Скурлатов В.И. Философско-политический дневник


Когда-то мы рвались в космос

В 1951 году обуяла меня тяга в космос. Захотелось покинуть земную колыбель. Пошел в Музей авиации. Там работала ракетная секция, собирались любители космических путешествий. Ярко выступал некто Михайлов. Я, школьник, с почтением подошел к нему, задал какие-то вопросы. Он горячо говорил со мной, рисовал радужные перспективы освоения Луны и других планет. Глаза его горели. Чуть не прослезившись, пригласил к себе домой куда-то в Сокольники, дал адрес. На следующий день весь в нетерпении поехал к нему. Небесная лодка разбилась о быт. Покосившийся двухэтажный деревянный домик, грязный двор. Ткнулся в дверь квартиры – там коммуналка, какой-то шум. Вышел Михайлов и попросил подождать. Видимо, была семейная ссора. Соседка отозвала меня и посоветовала – «Не связывайся с ним, он пьёт. Видишь, с женой дерется». Я сразу прозрел и удалился.

Тем не менее порыв в космос был, в Музее авиации он меня захватил. Пусть Михайлов – один из чудаков, и школьник мог на него клюнуть. Но ведь собирались не только чудаки, а прежде всего энтузиасты. Это я хорошо ощутил и запомнил. Народ рвался в небо.

Сейчас в Живом Журнале прочел заметку двадцатичетырехлетнего бауманца Ивана Крота в связи с 45-летием полёта Юрия Гагарина в космос (http://andreykrot.livejournal.com/):

«Пожалуй, космос - это единственно, что осталось от великой державы. Ну, кроме ядерных ракет. Огромный задел, сделанный в СССР, продолжает сохранять за Россией статус. Серьезно потрепанный космос за счет того задела имеет до сих пор такие достижения, которые не доступны Китаю /пока!/ или Евросоюзу.

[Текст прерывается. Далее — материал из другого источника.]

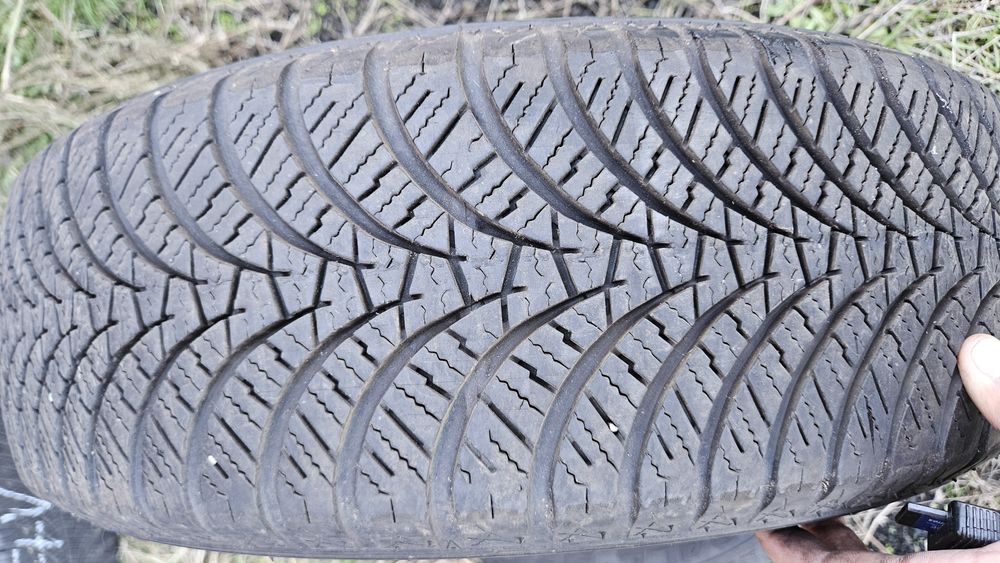 2бр гуми 195 65 15 дот 23 фалкен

Космонавтика зародилась в нашей стране сразу после окончания Великой Отечественной войны. За первым полетом Гагарина стоял труд огромного числа людей.

В эти дни я познакомился с испытателями. Перед первыми полетами надо было определить максимально допустимые нагрузки, которые способен был выдержать человек. Космонавт такого, конечно, не испытывал, но требовалось определить и запас прочности человеческого организма.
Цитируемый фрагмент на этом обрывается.